DATA EXCERPT Start Marker

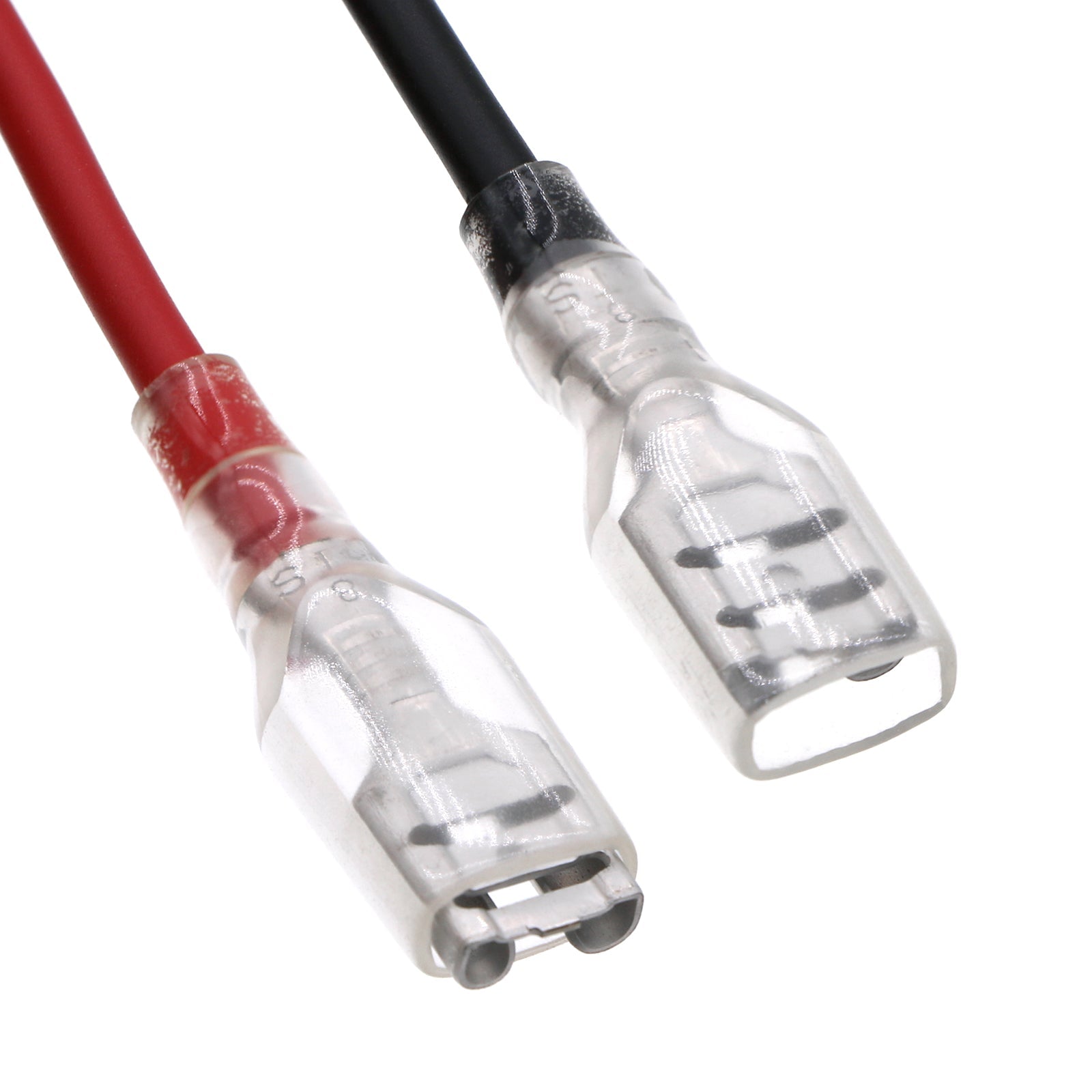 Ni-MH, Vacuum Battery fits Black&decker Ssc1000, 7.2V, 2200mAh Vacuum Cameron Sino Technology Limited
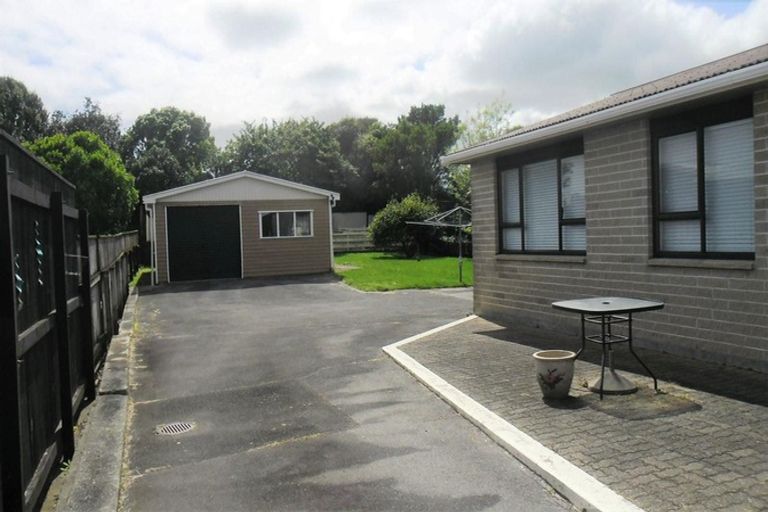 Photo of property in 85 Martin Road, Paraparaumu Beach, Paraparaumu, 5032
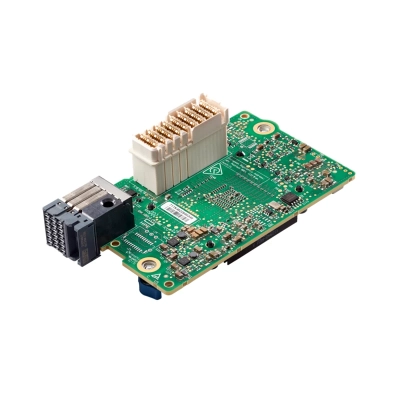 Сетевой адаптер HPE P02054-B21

DATA EXCERPT End Marker

§ TO DO: Line by line, restate the data above exactly as it stands, minus the pictures.

§ RESULT:
 Ni-MH, Vacuum Battery fits Black&decker Ssc1000, 7.2V, 2200mAh Vacuum Cameron Sino Technology Limited
 Photo of property in 85 Martin Road, Paraparaumu Beach, Paraparaumu, 5032
 Сетевой адаптер HPE P02054-B21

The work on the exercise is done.